ちょうどよい暮らしをつくる、意外な片付けマインド 〜出会いにいこう、「フィット」な暮らし vol.2〜
2023.03.30
なにかと変化の多い春!暮らしもあわせてアップデートするチャンスです。
これからの自分にちょうどよい暮らしをつくるための片付けマインド、教えます。
こんにちは。整理収納アドバイザーの松尾千尋です。
前回は、「フィット」のヒントを見つける、片付けのコツをご紹介しました。
ヒントを見つけるポイントは、
「これまでの自分を理解して、等身大の自分を受け入れること」。
(前回の記事「私が輝く「フィット」のヒント。」はこちらから!)
今回のキーワードは、「変化」です。
変わっていく自分に気づいて受け入れることで、フィットする暮らしに近づくヒントをお伝えします。
モノが減ってもしっくり来ない!?
私は、本格的にコロナ禍に入る直前の2020年1月ごろから、モノを減らし始めました。
最初の頃は、部屋がだんだんとスッキリしてくることがうれしく、
「使っていないモノはないかな」
と、部屋をパトロールすることに生きがいを感じていました。
ところが、片付けが進んでモノも減り、暮らしやすくなってきたはず・・・にもかかわらず、
「今の暮らしはなんかちがう」
という気持ちが、だんだんと募るようになりました。
「なんかちがう」どころではなかった
部屋に残ったモノたちは、今の自分の好みに全く合っていないと感じるようになってしまったのです。
片付ければ片付けるほどモヤモヤが大きくなって、悩みました。
「モヤモヤするのは、気持ちが言葉になっておらず、整理できていないからだ」
そう思って、やってみたことはたったひとつ。
気持ちや思いを全部、紙に書き出したことです。
モノに関することだけではなく、これまでの人生全般についてや、どういう暮らしなら満足なのか、ということまで、総ざらいしました。

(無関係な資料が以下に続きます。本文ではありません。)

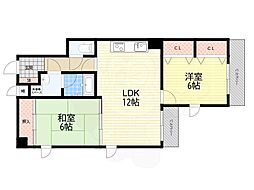 アステイオス 5階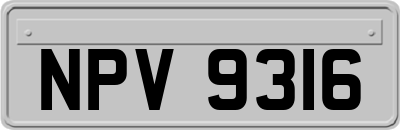 NPV9316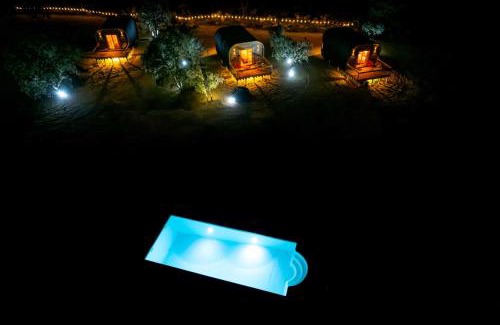 Vilar Formoso Casa | Quinta do Prado Verde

浮かび上がってきたのは、これまでの選んできたことの多くは、自分が本当に選びたかったことではなかったということ。
他人の目を気にして、思い切った選択ができなかったこと。
ぼんやり流されるままにしてきた選択。その延長線に、今がある。
そんなふうにつくられた今の暮らしは、なんかちがう、どころではありません。
「全然、ちがう。モノもコトも。むしろ理想の真逆かもしれない・・・。」
そんな風に思い始めたのです。
ポイントは「これまでとちがう判断」
「現状は、ありたい状態の逆かも」
そう感じてから、片付けをするときの判断も変わりました。一度「残す」と判断したものに対して、あえて「手放す理由」を考えてみることにしたのです。
やってみると、必要なモノ・気に入っているモノを残しているようでいて、多くの場合はそうでなかったことに気がつきました。

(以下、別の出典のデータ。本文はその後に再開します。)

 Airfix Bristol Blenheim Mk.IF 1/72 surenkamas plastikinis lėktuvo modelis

今をつくっているのは、これまで自分が下してきた判断の積み重ねです。
その「今」にモヤモヤしているなら、今までと似たような判断をし続けていても、気持ちが晴れることはありません。
ブランドバッグなどの、今までの私ならとっておくはずだったモノたちを、勇気をもって手放していきました。
片付けに限りません。
モノを買うとき、お店を選ぶ時。今日は掃除をするか、サボるか。何時に家を出るか。
一つ一つの選択で、「これまでとちがう判断」を意識する。
最初のうちは不安な感じがありましたが、続けているうちに、
「このほうが、自分にフィットする」
という感覚が、生まれてきました。
本音と判断にギャップがある理由
「これまでとちがう判断」を続けたことにより、だんだん自分がのぞむモノゴトがわかってきました。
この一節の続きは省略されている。